Experts are only now beginning to realise the importance of Big Data. This relatively new phenomenon is providing vast amounts of information, helping us shape the future of human society.
After analyzing how the healthcare sector will be influenced by the rise of this technology in the 1st part of our Big Data Series, it’s time to take a look at how Big Data can deal with larger scenarios affecting humankind.
Dealing with Pandemics
Global and regional pandemics and epidemics are obviously among the most serious events that can occur within any society. While these have been contained pretty well over the last few years, it is also true that big data can play a major role in assisting in the fight against the spread of diseases. Examples in Africa have already shown that mobile phone location data can be highly effective in tracking population movements, helping emergency relief organisations and governments anticipate how a disease is likely to spread.
“Until now they had to rely on anecdotal information, on-the-ground surveys, police and hospital reports.” – Nuria Oliver, a scientific director at mobile phone company Telefonica, extract from the BBC article ‘Ebola: can big data analytics help contain its spread‘
Big data is also playing a major role in cancer research. Flatiron Health has developed a service called the OncologyCloud, based on the idea that 96% of potentially available data on patients with cancer is not yet analysed. The aim of this initiative is to make such information available to clinicians, and thus jump start a revolution in the treatment of cancer. Changing the way life science companies use real-world data will much likely accelerate research, generate evidence and get a step closer to outsmarting deadly diseases.
Big data could also play a major role in the pharmaceutical industry, with several of the biggest drug manufacturers already investing in the technology. For example, GlaxoSmithKline employs online technology and a data algorithm developed by F1’s elite McLaren Applied Technologies team to minimise the risk of leakage from its best-selling Ventolin (salbutamol) bronchodilator drug.

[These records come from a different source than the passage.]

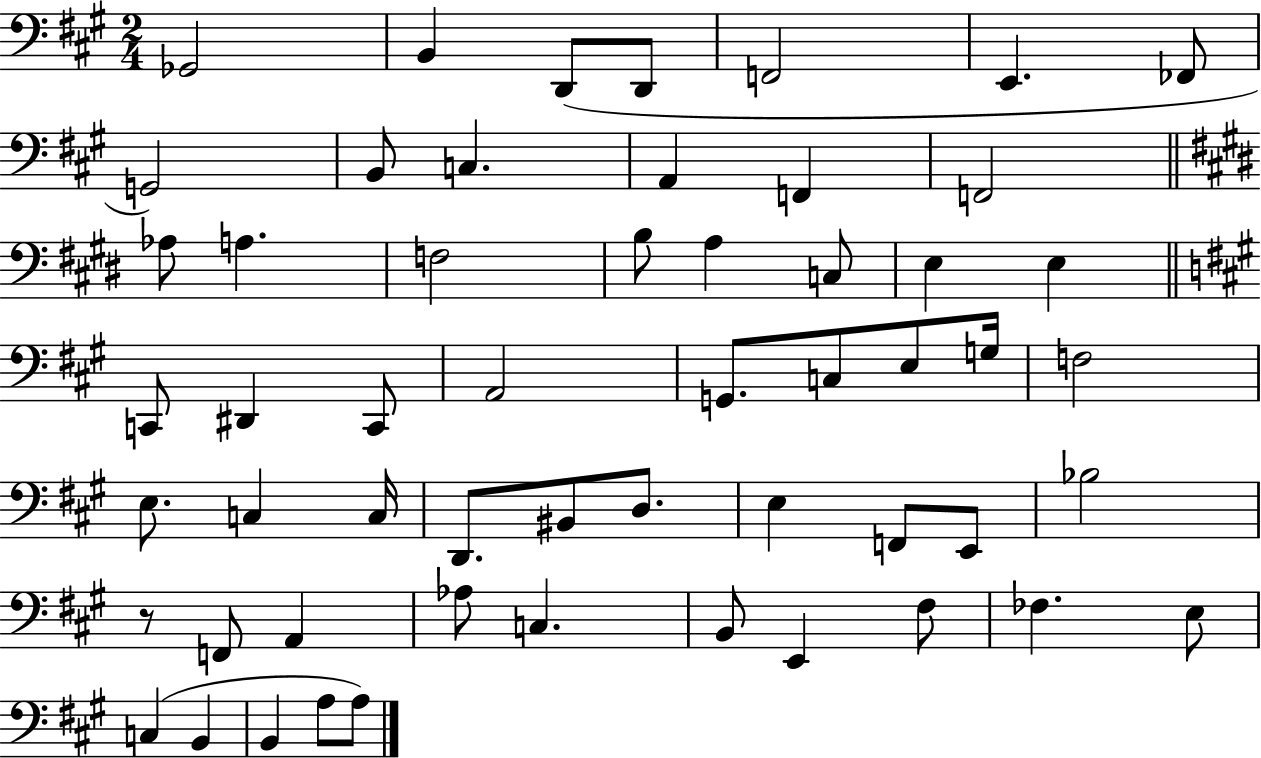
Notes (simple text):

Gb2/h B2/q D2/e D2/e F2/h E2/q. FES2/e G2/h B2/e C3/q. A2/q F2/q F2/h Ab3/e A3/q. F3/h B3/e A3/q C3/e E3/q E3/q C2/e D#2/q C2/e A2/h G2/e. C3/e E3/e G3/s F3/h E3/e. C3/q C3/s D2/e. BIS2/e D3/e. E3/q F2/e E2/e Bb3/h R/e F2/e A2/q Ab3/e C3/q. B2/e E2/q F#3/e FES3/q. E3/e C3/q B2/q B2/q A3/e A3/e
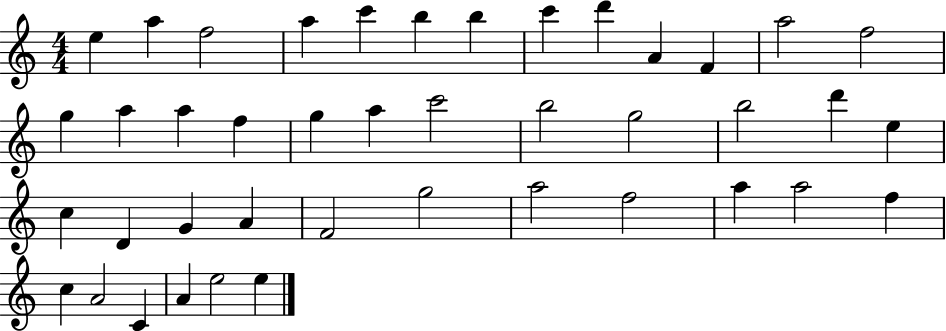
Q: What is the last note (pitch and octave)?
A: E5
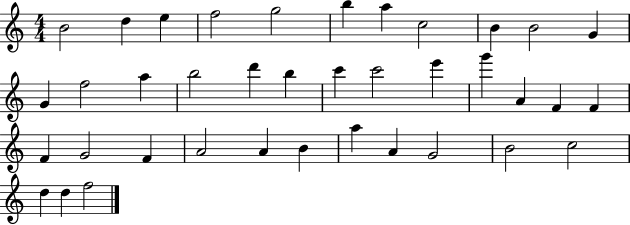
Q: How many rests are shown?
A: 0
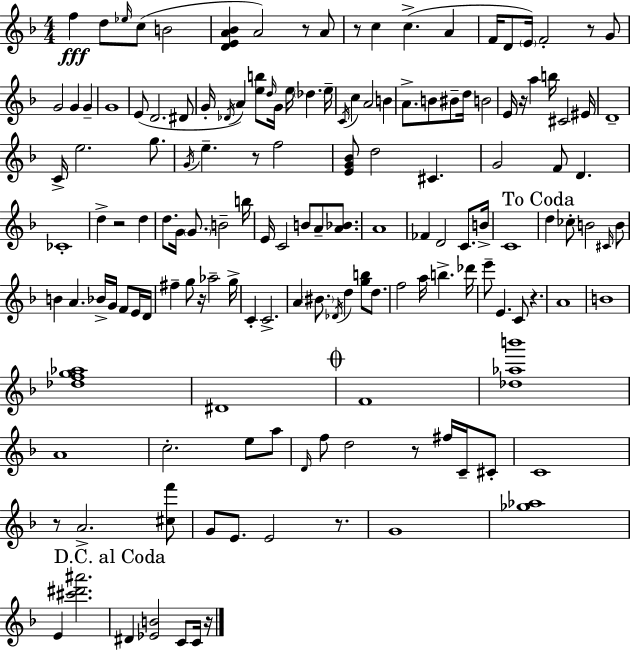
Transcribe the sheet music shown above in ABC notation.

X:1
T:Untitled
M:4/4
L:1/4
K:F
f d/2 _e/4 c/2 B2 [DEA_B] A2 z/2 A/2 z/2 c c A F/4 D/2 E/4 F2 z/2 G/2 G2 G G G4 E/2 D2 ^D/2 G/4 _D/4 A [eb]/2 d/4 G/4 e/4 _d e/4 C/4 c A2 B A/2 B/2 ^B/2 d/4 B2 E/4 z/4 a b/4 ^C2 ^E/4 D4 C/4 e2 g/2 G/4 e z/2 f2 [EG_B]/2 d2 ^C G2 F/2 D _C4 d z2 d d/2 G/4 G/2 B2 b/4 E/4 C2 B/2 A/2 [A_B]/2 A4 _F D2 C/2 B/4 C4 d _c/2 B2 ^C/4 B/2 B A _B/4 G/4 F/2 E/4 D/4 ^f g/2 z/4 _a2 g/4 C C2 A ^B/2 _D/4 d [gb]/2 d/2 f2 a/4 b _d'/4 e'/2 E C/2 z A4 B4 [_dfg_a]4 ^D4 F4 [_d_ab']4 A4 c2 e/2 a/2 D/4 f/2 d2 z/2 ^f/4 C/4 ^C/2 C4 z/2 A2 [^cf']/2 G/2 E/2 E2 z/2 G4 [_g_a]4 E [^c'^d'^a']2 ^D [_EB]2 C/2 C/4 z/4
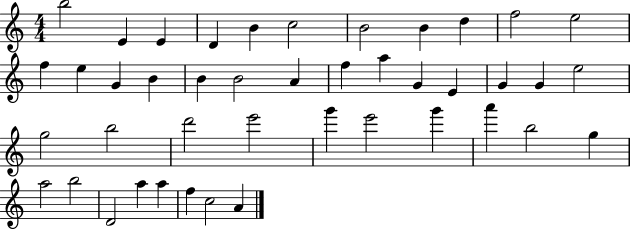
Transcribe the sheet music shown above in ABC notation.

X:1
T:Untitled
M:4/4
L:1/4
K:C
b2 E E D B c2 B2 B d f2 e2 f e G B B B2 A f a G E G G e2 g2 b2 d'2 e'2 g' e'2 g' a' b2 g a2 b2 D2 a a f c2 A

“Using multiple sensors and hundreds of thousands of readings, the potential for leakage is coming down to close to zero.” – Brian Neill, diagnostics director in GSK’s programme and risk management division, extract from the FT article: Big data promise exponential change in healthcare
Analysis in this sphere is already beginning to influence the sales and marketing of pharmaceuticals significantly. Applications in this area are actually quite vast, with the ability of big data to help fine-tune research and clinical trials, providing measurement capability for doctors, insurers and regulators, thus providing massive potential.
One of the most obvious sources of big data is the human genome itself, and techniques related to data analysis in this thriving technology promise to enable genome data to be stored and analysed with much greater sophistication.

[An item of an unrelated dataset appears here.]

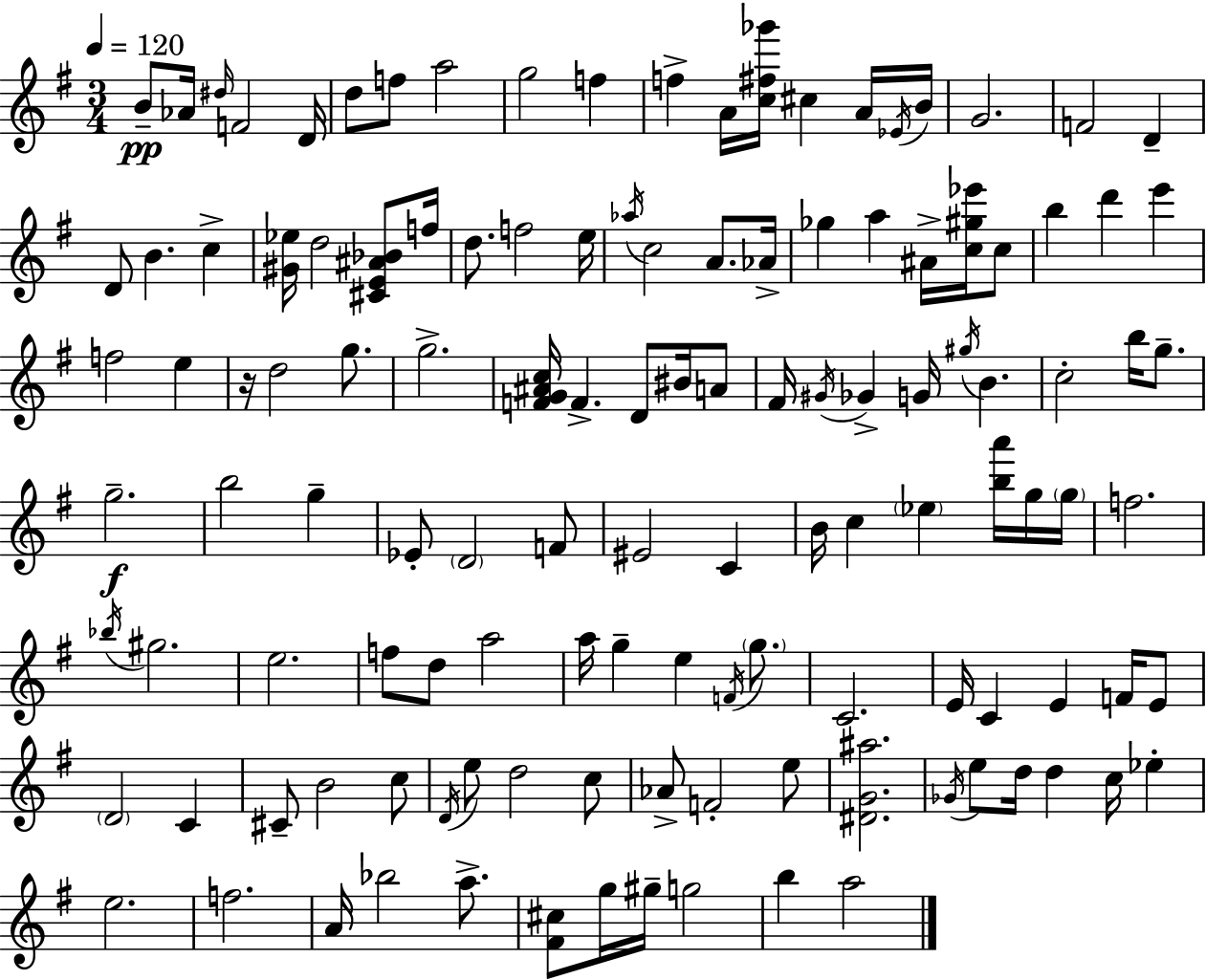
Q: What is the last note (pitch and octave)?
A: A5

BC Platforms, a Swiss-Finnish company that manages clinical and genomic data with its own analytics platforms for academics, healthcare providers and life science companies, has entered into agreements with the likes of Microsoft Azure and Codigo46 of Mexico to create the largest biobank in Latin America. Human genome data from over one-million people on the continent will be acquired over the next three years, in what is undoubtedly a massive project.
“Microsoft has built a scalable cloud-based service that enables us to easily and reliably process large volumes of genomic data, and we are leveraging this in our partnership with Codigo46.” – Tero Silvola, CEO BC Platforms, extract from the Microsoft article: Codigo, BC Platforms, Microsoft partner to build commercial repository of Latin America genotype data
Actually understanding this data is undoubtedly challenging, but already gene sequencing experts state that this field is rapidly evolving due to big data, and is even becoming primarily information-driven. What is emerging is an entire subfield of artificial intelligence, which will enable experts in this area to detect and understand hidden patterns in monumentally large datasets, improving our understanding of the very building blocks of life.
As more big data is collected, it seems increasingly clear that the potential of this new phenomenon is only just beginning to be explored.